Lehrergewerkschaft „gesprächsbereit“

Die Lehrergewerkschaft zeigt sich gesprächsbereit über mehr Unterrichtszeit für Lehrer. Sollte Schmied ein Konzept vorlegen und der Nachweis erbracht werden, dass die Lehrer merkbar entlastet werden, könne man über eine neue Verteilung der Arbeitszeit sprechen, erklärte Paul Kimberger, Chefverhandler der Lehrergewerkschaft, gegenüber der „Presse“ (Mittwoch-Ausgabe). „Eine höhere Unterrichtsverpflichtung ist dann eine Möglichkeit“, so Kimberger.

„Ansagen allein nützen nichts.
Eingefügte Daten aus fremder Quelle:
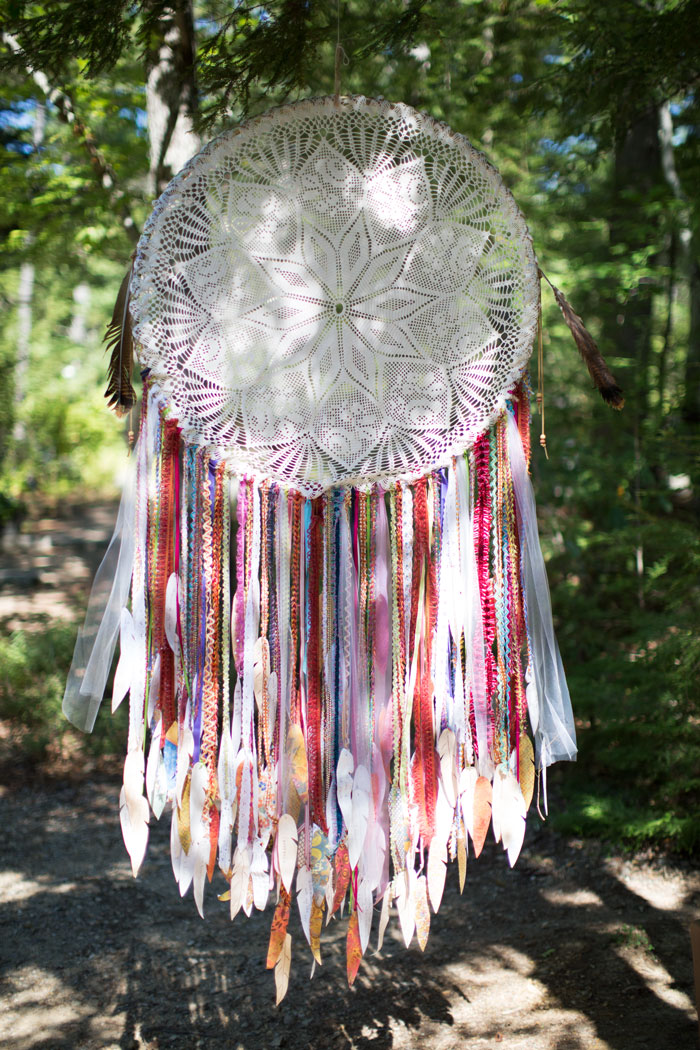 |  just like Harriet's heart, the dream catcher follows us into the sacred woods  |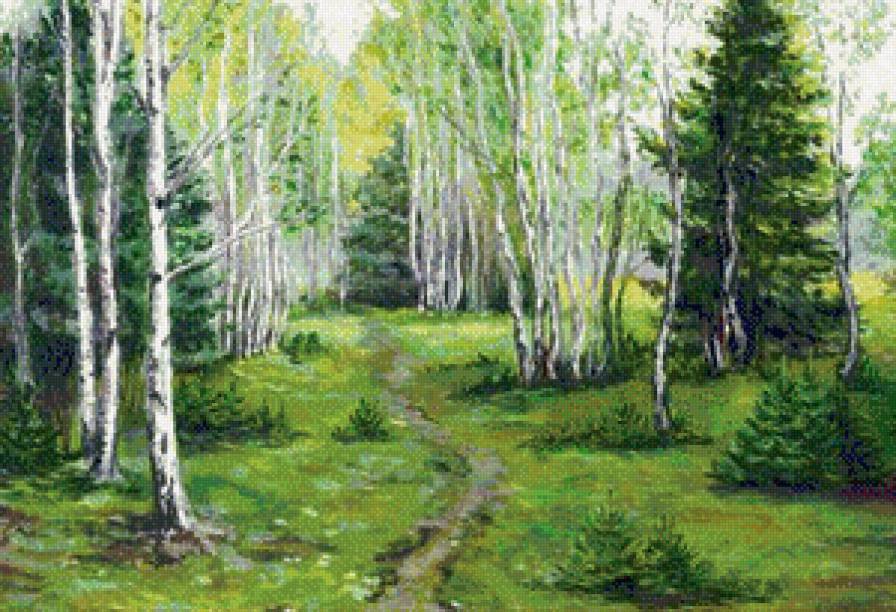 лес - деревья, лес, тропа - предпросмотр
Was fehlt, sind konkrete Konzepte“, kritisierte der Chefverhandler der Lehrergewerkschaft. Zur Entlastung der Pädagogen brauche es etwa Sozialarbeiter, administratives Personal oder Schulpsychologen. Insgesamt sei mit mindestens 14.000 Spezialisten zu rechen, so Kimberger.

„Realitätsverweigerung“ der Regierung

Aus Sicht der Österreichischen HochschülerInnenschaft (ÖH) sollten bei der Regierung angesichts der Studienergebnisse „alle Alarmglocken schrillen“: Die soziale Durchlässigkeit im österreichischen Bildungssystem habe sich seit Jahrzehnten nicht verbessert. Dass die Regierung weiter so tue, als wäre alles in Ordnung, sei „Realitätsverweigerung“. Die Regierung müsse nun so rasch wie möglich den Hochschulsektor ausbauen, das Stipendiensystem rundum erneuern und die Beratung verbessern.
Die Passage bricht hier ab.